** Opening Supplied records block **

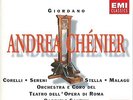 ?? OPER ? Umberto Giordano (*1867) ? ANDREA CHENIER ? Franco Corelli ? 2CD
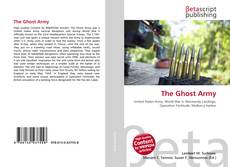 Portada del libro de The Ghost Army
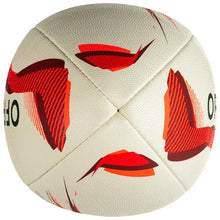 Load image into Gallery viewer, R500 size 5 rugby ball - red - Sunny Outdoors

** Closing Supplied records block **
** Opening Supplied records block **

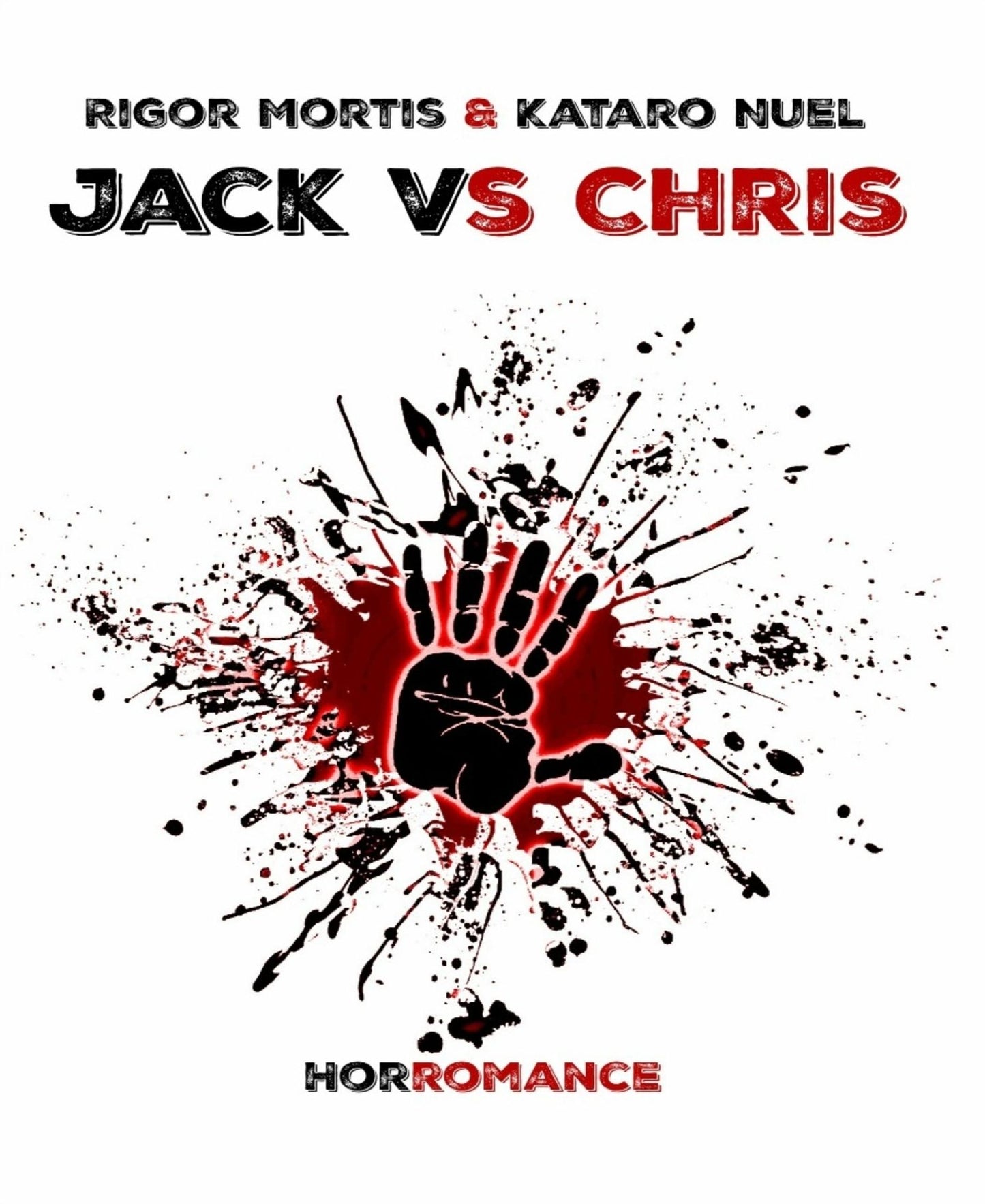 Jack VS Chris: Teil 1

** Closing Supplied records block **
** Opening Supplied records block **

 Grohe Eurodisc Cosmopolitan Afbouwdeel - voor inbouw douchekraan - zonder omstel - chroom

** Closing Supplied records block **

**What is being asked:** What is needed is an exact copy of the lines above from the one with "Corelli ? 2CD" to the one with "Load image into", both ends kept, and nothing more; please leave the pictures out.

**Output below:**
 ?? OPER ? Umberto Giordano (*1867) ? ANDREA CHENIER ? Franco Corelli ? 2CD
 Portada del libro de The Ghost Army
 Load image into Gallery viewer, R500 size 5 rugby ball - red - Sunny Outdoors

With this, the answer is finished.